If that promise of clarity is what awaits us all, then death doesn’t seem so awful, and that is a great gift from Sacks. A...

Valediction from the late neurologist and writer Sacks (On the Move: A Life, 2015, etc.).

In this set of four short essays, much-forwarded opinion pieces from the New York Times, the author ponders illness, specifically the metastatic cancer that spread from eye to liver and in doing so foreclosed any possibility of treatment. His brief reflections on that unfortunate development give way to, yes, gratitude as he examines the good things that he has experienced over what, in the end, turned out to be a rather long life after all, lasting 82 years. To be sure, Sacks has regrets about leaving the world, not least of them not being around to see “a thousand…breakthroughs in the physical and biological sciences,” as well as the night sky sprinkled with stars and the yellow legal pads on which he worked sprinkled with words. Sacks works a few familiar tropes and elaborates others. Charmingly, he reflects on his habit since childhood of associating each year of his life with the element of corresponding atomic weight on the periodic table; given polonium’s “intense, murderous radioactivity,” then perhaps 84 isn’t all that it’s cut out to be. There are some glaring repetitions here, unfortunate given the intense brevity of this book, such as his twice citing Nathaniel Hawthorne’s call to revel in “intercourse with the world”—no, not that kind.

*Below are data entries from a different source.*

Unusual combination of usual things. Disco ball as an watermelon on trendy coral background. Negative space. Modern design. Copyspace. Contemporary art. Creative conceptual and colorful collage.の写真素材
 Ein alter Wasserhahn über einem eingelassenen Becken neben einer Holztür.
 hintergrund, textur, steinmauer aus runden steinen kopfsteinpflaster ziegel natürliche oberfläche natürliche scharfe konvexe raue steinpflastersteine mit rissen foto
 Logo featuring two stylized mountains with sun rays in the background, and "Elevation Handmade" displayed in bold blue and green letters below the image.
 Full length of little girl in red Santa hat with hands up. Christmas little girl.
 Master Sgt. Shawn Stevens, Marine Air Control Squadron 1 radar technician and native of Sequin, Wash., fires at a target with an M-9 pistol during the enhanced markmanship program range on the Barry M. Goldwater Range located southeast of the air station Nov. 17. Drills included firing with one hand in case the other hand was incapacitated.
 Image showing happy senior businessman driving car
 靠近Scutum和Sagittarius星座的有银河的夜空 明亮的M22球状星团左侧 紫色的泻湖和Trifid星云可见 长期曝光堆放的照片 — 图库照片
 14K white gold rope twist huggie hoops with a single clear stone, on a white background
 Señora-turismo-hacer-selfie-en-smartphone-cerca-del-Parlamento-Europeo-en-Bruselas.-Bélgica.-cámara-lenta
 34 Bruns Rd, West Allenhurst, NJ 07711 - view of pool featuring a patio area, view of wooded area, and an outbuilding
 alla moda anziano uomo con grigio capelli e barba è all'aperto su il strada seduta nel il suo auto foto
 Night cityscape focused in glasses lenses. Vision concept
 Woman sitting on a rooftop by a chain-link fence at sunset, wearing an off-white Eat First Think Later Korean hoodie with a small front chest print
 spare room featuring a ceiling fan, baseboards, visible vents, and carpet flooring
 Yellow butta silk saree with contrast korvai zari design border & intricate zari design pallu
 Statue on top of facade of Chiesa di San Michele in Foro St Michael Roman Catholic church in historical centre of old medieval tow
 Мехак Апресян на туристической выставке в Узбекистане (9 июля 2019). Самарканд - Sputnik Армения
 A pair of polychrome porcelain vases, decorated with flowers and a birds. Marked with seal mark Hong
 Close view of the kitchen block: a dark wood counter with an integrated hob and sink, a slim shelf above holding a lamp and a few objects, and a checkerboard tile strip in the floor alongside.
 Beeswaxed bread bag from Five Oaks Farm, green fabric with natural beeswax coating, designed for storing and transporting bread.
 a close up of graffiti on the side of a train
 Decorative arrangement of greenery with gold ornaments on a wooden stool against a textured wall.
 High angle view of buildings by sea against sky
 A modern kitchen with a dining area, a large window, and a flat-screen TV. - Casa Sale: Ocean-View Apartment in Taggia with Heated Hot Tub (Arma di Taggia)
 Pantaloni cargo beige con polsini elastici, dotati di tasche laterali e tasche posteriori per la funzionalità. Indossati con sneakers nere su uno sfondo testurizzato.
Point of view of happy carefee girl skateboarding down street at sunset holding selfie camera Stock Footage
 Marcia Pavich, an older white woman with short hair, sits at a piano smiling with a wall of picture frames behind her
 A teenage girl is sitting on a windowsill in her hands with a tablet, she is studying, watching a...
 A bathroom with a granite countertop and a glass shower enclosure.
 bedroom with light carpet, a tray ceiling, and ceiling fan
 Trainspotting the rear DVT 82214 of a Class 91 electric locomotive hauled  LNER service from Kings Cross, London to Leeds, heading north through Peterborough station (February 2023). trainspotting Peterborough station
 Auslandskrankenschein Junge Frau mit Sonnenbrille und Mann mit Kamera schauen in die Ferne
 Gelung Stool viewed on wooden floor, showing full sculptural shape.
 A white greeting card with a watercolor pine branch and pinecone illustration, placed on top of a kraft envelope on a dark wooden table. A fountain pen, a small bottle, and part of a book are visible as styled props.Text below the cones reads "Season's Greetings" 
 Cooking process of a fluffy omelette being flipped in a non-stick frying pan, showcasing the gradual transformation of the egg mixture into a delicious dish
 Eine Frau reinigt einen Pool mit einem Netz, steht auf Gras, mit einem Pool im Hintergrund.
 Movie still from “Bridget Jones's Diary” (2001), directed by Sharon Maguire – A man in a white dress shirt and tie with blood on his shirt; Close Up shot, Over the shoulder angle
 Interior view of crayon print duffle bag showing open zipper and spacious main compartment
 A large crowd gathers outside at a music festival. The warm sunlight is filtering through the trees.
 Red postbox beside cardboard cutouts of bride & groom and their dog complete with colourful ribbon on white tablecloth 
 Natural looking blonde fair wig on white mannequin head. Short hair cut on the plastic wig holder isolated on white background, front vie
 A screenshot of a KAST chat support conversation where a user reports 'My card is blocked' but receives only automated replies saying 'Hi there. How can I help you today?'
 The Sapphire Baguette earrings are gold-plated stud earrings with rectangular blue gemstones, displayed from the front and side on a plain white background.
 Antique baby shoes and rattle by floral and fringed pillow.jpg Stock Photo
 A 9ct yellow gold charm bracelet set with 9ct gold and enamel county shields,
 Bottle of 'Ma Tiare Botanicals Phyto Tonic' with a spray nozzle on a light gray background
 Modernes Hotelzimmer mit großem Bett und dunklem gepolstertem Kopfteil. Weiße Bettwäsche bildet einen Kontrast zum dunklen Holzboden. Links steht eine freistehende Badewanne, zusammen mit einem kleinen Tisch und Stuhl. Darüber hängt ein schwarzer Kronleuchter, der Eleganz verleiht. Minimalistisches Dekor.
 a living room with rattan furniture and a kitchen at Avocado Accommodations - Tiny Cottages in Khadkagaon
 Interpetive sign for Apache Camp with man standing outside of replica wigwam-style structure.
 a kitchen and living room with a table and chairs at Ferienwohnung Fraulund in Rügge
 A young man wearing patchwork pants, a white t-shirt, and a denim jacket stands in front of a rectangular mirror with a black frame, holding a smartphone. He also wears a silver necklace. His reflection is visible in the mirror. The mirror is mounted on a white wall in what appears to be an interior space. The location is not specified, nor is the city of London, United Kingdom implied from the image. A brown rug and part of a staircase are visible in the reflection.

Yet his thoughts overall—while not as soul-stirringly inspirational as the similar reflections of Randy Pausch or as bent on chasing down the story as Christopher Hitchens’ last book—are shaped into an austere beauty, as when Sacks writes of being able in his final moments to “see my life as from a great altitude, as a sort of landscape, and with a deepening sense of the connection of all its parts.”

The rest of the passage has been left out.